Joseph Horovitz at 90

Joseph Horovitz at 90
BBC Radio 3’s 'In Tune' programme is broadcasting a live interview with Joseph Horovitz on his 90th birthday on 26 May. Later that day Austrian Radio ORF will present a two-hour programme about his life and works, focusing in part on his String Quartet No 5 and the Clarinet Sonatina. His birthday is also being marked on the day by Bayerischer Rundfunk’s classical music channel with a one-hour programme also covering his life and music.

On 27 June his Clarinet Sonatina is being broadcast in the BBC Radio 3 Lunchtime Concert from Wigmore Hall, played by Daniel Ottensamer with pianist Christopher Traxler. The Sonatina, premiered at the Wigmore Hall in 1981 by Gervase de Peyer and Gwenneth Pryor, has become a standard repertoire work with over thirty recordings. The most recent is by Jonathan Parkin and Sebastian Stanley, who are performing it at St-Martin-in-the-Fields on 10 June.

The Park Lane Group is celebrating Horovitz’s birthday at London’s Wigmore Hall on 13 June with a performance of his scena Lady Macbeth, sung by soprano Susanna Fairbairn with pianist Matthew Schellhorn. Other concerts include Horovitz’s oratorio Samson, composed for a rare combination of chorus and brass band, which will be performed at the Cadogan Hall on July 9 by the Addison Singers and East London Brass.

International performances of his works include two recent productions of his one-act opera Gentleman’s Island in Sydney and Singapore, and his ever-popular Captain Noah and his Floating Zoo has performances this summer in UK, Sweden, Germany, New Zealand, and USA.

Joseph Horovitz was born in Vienna in 1926 and emigrated to England in 1938. He studied music at New College, Oxford, with Gordon Jacob at the Royal College of Music where he won the Farrar Prize, and for a further year with Nadia Boulanger in Paris. The Festival of Britain in 1951 brought him to London as conductor of ballet and concerts at the Festival Amphitheatre.
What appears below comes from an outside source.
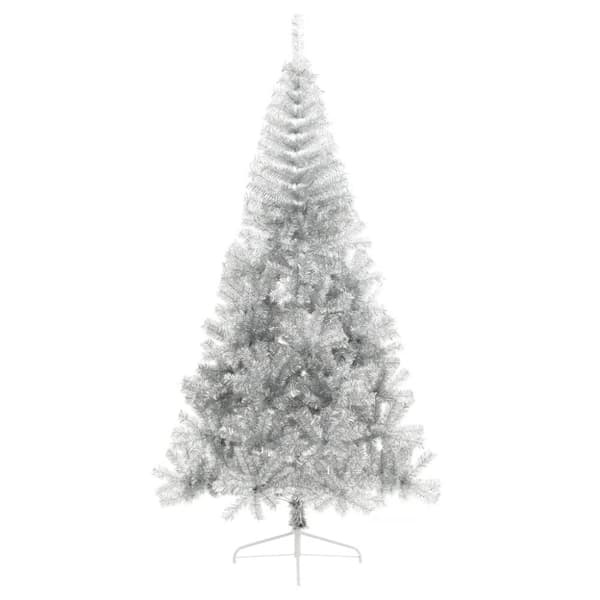 vidaXL Halv plastgran med fot silver 240 cm PET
He then held positions as conductor to the Ballet Russes, associate director of the Intimate Opera Company, on the music staff at Glyndebourne, and as guest composer at the Tanglewood Festival, USA.

His compositions number sixteen ballets, nine concertos, two one-act operas, chamber music, works for brass band, television and radio, and a number of choral cantatas - most famously Captain Noah and His Floating Zoo. Since 1961 he has taught at the Royal College of Music, where he is now a Fellow. He has also won two Ivor Novello Awards, and in 1996 he was awarded the Gold Order of Merit of the City of Vienna. In 2007 he was awarded the Austrian Cross of Honour for Science and Arts First Class, and was made an honorary member of the Austrian Composers’ Society. The Worshipful Company of Musicians awarded him the Cobbett Medal in 2008 for services to chamber music.